(Web page caption snippets)
* * * *

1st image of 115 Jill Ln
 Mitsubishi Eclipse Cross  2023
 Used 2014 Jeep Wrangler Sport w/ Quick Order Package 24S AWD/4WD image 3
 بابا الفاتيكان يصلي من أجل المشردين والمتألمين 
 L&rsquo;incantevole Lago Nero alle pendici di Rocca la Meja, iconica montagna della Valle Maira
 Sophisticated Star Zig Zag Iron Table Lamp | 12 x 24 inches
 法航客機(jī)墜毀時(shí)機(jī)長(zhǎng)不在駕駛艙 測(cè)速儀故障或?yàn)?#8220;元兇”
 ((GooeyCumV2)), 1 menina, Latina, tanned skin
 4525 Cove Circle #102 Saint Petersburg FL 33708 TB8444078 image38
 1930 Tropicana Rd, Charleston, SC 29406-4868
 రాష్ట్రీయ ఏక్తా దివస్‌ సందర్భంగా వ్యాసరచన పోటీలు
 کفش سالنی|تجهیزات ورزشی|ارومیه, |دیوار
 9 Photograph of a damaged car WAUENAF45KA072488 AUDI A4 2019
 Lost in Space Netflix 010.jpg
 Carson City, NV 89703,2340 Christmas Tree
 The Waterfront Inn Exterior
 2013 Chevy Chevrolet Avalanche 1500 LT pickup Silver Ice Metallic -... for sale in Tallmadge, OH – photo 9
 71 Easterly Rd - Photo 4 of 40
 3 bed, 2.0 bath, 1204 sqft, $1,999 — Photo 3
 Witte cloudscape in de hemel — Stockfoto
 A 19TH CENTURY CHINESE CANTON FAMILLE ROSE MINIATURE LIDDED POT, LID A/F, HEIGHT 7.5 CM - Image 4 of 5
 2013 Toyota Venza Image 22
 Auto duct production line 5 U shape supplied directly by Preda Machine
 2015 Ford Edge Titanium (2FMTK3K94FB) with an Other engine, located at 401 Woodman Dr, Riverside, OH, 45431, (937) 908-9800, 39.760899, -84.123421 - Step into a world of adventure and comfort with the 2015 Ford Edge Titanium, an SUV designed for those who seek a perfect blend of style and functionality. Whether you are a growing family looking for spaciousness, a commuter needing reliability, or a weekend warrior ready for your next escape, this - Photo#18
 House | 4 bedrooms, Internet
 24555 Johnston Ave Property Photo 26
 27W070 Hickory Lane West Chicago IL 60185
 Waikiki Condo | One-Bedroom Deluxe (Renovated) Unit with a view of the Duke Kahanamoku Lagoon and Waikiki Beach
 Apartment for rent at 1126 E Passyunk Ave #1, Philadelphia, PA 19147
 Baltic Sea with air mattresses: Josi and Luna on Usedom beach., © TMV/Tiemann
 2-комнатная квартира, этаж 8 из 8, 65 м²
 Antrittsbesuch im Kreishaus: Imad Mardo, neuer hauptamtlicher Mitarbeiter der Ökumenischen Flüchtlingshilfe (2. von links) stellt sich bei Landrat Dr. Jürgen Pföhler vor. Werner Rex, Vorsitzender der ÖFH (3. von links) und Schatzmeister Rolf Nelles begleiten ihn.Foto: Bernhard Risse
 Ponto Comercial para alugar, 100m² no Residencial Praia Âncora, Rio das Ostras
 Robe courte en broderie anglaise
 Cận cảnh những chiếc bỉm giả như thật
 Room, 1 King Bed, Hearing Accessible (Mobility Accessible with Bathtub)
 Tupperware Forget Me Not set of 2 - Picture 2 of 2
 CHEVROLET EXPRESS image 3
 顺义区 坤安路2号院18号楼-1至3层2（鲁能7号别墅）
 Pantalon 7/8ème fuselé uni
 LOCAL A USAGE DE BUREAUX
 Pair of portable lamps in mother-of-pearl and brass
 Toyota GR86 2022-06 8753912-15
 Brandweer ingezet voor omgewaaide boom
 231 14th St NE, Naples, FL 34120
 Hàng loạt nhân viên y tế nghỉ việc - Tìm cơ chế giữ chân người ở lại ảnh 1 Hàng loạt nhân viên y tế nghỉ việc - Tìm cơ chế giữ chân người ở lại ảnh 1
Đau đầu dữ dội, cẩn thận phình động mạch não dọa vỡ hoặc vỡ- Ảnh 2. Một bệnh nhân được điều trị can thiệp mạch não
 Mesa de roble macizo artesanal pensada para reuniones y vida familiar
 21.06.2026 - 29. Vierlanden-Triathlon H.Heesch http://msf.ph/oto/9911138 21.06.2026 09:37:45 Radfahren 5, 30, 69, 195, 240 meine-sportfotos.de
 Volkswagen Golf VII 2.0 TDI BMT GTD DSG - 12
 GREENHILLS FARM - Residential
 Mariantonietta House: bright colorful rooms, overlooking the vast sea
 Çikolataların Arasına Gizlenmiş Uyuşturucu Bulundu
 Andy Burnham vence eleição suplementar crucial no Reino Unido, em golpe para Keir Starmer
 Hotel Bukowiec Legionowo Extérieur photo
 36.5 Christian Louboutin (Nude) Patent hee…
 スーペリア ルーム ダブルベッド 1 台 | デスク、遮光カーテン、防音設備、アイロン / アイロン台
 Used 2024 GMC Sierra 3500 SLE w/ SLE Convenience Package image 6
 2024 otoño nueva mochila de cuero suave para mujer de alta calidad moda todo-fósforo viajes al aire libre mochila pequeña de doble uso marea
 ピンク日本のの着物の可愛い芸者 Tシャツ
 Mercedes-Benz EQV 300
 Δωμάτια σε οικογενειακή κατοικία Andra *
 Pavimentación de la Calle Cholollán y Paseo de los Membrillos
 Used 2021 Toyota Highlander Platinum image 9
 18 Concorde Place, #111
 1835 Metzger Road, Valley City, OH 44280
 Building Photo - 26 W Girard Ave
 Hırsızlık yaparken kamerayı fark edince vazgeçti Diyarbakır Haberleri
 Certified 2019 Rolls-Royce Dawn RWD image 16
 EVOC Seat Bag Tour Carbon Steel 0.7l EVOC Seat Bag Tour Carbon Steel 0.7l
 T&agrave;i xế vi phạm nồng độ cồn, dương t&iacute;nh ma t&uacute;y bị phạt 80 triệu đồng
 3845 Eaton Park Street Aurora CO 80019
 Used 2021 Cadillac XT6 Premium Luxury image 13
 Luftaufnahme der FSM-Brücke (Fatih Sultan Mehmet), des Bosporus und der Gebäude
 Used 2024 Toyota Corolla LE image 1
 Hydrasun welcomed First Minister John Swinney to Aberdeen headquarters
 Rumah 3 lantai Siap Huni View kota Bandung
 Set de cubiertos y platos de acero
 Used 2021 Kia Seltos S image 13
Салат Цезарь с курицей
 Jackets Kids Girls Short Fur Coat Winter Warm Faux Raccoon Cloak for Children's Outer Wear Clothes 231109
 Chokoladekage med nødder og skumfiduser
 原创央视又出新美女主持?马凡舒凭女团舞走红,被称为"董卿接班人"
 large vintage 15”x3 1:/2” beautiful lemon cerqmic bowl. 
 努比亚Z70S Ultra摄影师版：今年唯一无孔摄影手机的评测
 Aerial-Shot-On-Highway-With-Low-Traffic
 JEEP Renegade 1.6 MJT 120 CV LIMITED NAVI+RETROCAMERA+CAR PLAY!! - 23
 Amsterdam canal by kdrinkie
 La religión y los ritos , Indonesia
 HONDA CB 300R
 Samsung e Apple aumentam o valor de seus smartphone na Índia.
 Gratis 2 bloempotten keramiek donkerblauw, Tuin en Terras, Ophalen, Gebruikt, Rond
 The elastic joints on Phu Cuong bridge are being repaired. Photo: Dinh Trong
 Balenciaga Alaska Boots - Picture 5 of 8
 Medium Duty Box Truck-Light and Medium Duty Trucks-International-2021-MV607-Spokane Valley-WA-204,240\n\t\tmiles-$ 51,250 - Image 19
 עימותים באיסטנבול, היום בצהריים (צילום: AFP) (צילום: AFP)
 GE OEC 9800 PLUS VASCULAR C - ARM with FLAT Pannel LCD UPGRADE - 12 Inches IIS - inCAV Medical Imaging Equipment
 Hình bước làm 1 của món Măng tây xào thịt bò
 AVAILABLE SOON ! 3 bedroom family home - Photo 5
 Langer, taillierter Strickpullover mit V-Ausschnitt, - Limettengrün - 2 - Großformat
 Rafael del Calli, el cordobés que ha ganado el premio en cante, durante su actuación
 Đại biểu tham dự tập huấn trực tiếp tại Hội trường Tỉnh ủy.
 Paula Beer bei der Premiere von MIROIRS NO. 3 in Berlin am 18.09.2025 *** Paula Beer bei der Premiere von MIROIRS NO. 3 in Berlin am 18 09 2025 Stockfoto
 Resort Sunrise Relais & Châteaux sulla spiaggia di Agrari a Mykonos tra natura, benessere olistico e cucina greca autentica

* * * *

About this exercise:
Give back precisely the lines above that start at the line containing "Brandweer ingezet voor omgewaaide boom" and end at the line containing "GREENHILLS FARM - Residential", inclusive. No other lines belong in the output.

Problem solution:
 Brandweer ingezet voor omgewaaide boom
 231 14th St NE, Naples, FL 34120
 Hàng loạt nhân viên y tế nghỉ việc - Tìm cơ chế giữ chân người ở lại ảnh 1 Hàng loạt nhân viên y tế nghỉ việc - Tìm cơ chế giữ chân người ở lại ảnh 1
Đau đầu dữ dội, cẩn thận phình động mạch não dọa vỡ hoặc vỡ- Ảnh 2. Một bệnh nhân được điều trị can thiệp mạch não
 Mesa de roble macizo artesanal pensada para reuniones y vida familiar
 21.06.2026 - 29. Vierlanden-Triathlon H.Heesch http://msf.ph/oto/9911138 21.06.2026 09:37:45 Radfahren 5, 30, 69, 195, 240 meine-sportfotos.de
 Volkswagen Golf VII 2.0 TDI BMT GTD DSG - 12
 GREENHILLS FARM - Residential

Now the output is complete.